Marked α cell and β cell hyperplasia, as well as exocrine expansion, has been seen in pancreatic tissue obtained at autopsy from people taking incretins. Hyperplasia of α cells was associated with microadenomas in three of eight pancreases examined, one of which also contained a neuroendocrine tumour. Remarkably similar findings have emerged from animal models of glucagon inhibition11 and may limit the use of this approach to treat diabetes.12

It has taken eight years from the introduction of exenatide for all this to come to light. What went wrong? It is always easy to blame the regulators—they can’t answer back.

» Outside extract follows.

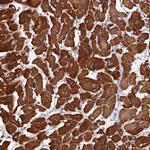 APC10 Antibody in Immunohistochemistry (Paraffin) (IHC (P))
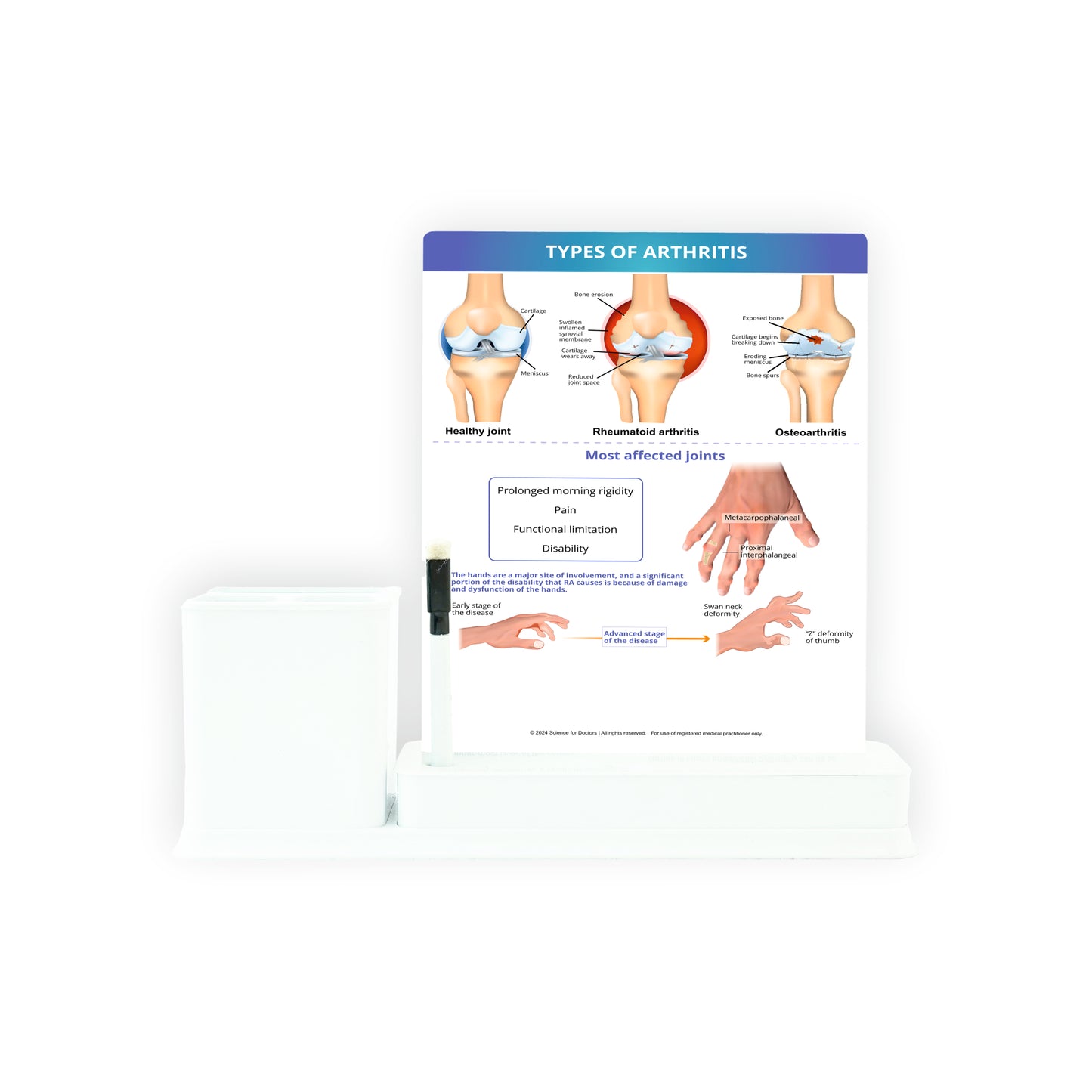 Types of Arthritis: 1 Slides Write & Wipe with Stationary Stand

I was an adviser to the European Medicines Agency for several years and can testify to the high quality, motivation, and training of the people who work there. Nor is big pharma the evil empire. The problem lies in a system that subordinates the public interest to commercial secrecy and allows the perceived need for such secrecy to define the legal, administrative, and cultural limits of the interaction between the mirror bureaucracies of the regulators and companies. Regulatory documents released to the BMJ under the Freedom of Information Act make it abundantly clear that the European Medicines Agency raised the right questions at an early stage, but the agency took each one off the agenda when plausible responses were supplied by the applicants. Each concern was treated in isolation rather than as another clue to an emerging pattern of biological effect.

The fate of the incretins has yet to be determined, but it has once again been shown that current regulatory procedures are inadequate to deal with the challenges presented by drugs that act on many targets. Similar scenarios will play out again while secrecy rules and the companies control access to the data. Safety requires more than tidy paperwork or the performance of yet more clinical studies. Cohen’s investigation has shown us—if further proof is needed—how much we need transparency.